Segment Start: Records for processing

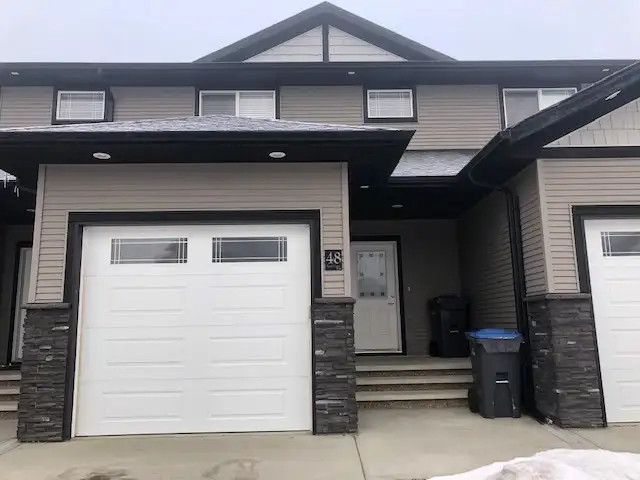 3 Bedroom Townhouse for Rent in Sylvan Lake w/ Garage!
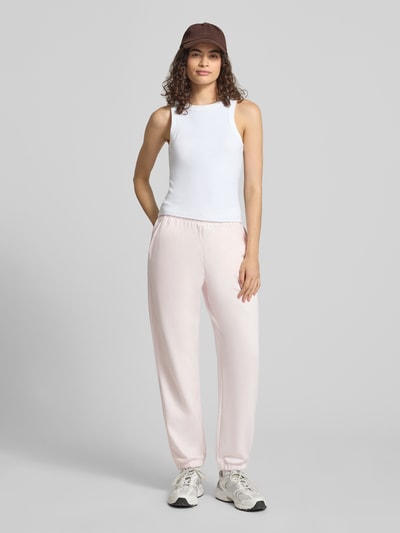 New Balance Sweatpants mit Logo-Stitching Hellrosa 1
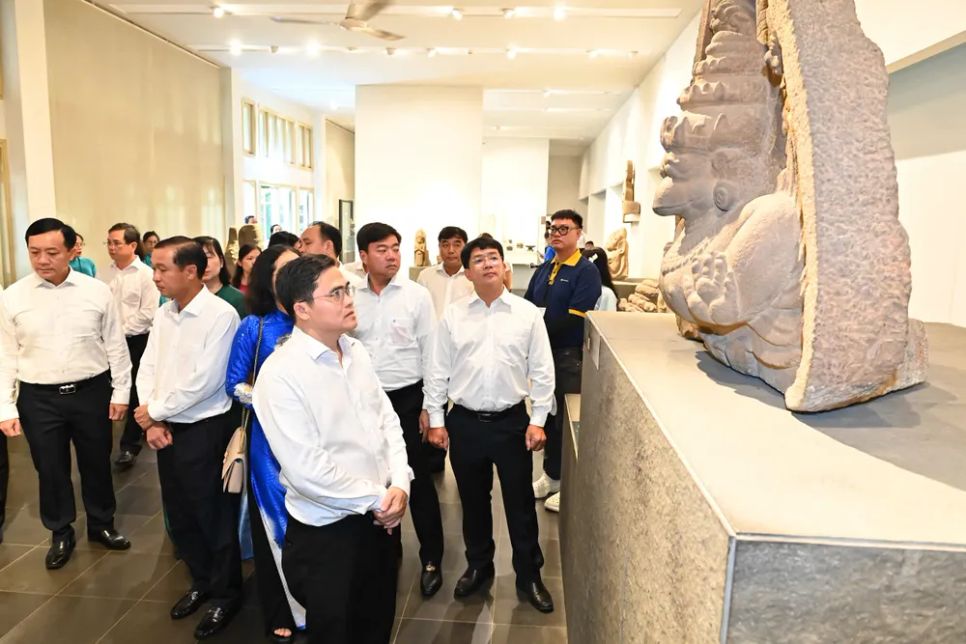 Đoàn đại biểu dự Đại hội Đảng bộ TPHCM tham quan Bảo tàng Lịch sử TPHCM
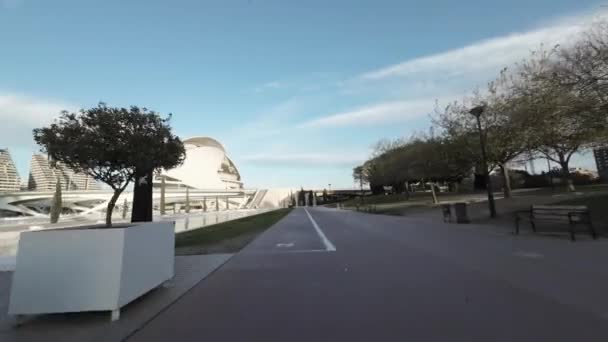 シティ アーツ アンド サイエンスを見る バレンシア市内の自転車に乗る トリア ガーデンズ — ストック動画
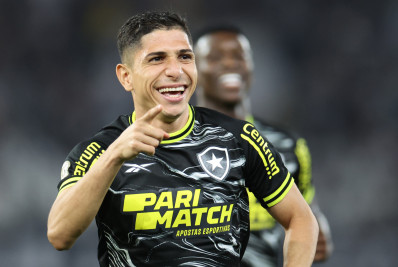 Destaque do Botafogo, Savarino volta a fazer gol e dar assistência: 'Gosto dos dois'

Segment End: Records for processing

- [Action item]
The material above holds pictures; copy everything else in it exactly.

- [Problem solution]
 3 Bedroom Townhouse for Rent in Sylvan Lake w/ Garage!
 New Balance Sweatpants mit Logo-Stitching Hellrosa 1
 Đoàn đại biểu dự Đại hội Đảng bộ TPHCM tham quan Bảo tàng Lịch sử TPHCM
 シティ アーツ アンド サイエンスを見る バレンシア市内の自転車に乗る トリア ガーデンズ — ストック動画
 Destaque do Botafogo, Savarino volta a fazer gol e dar assistência: 'Gosto dos dois'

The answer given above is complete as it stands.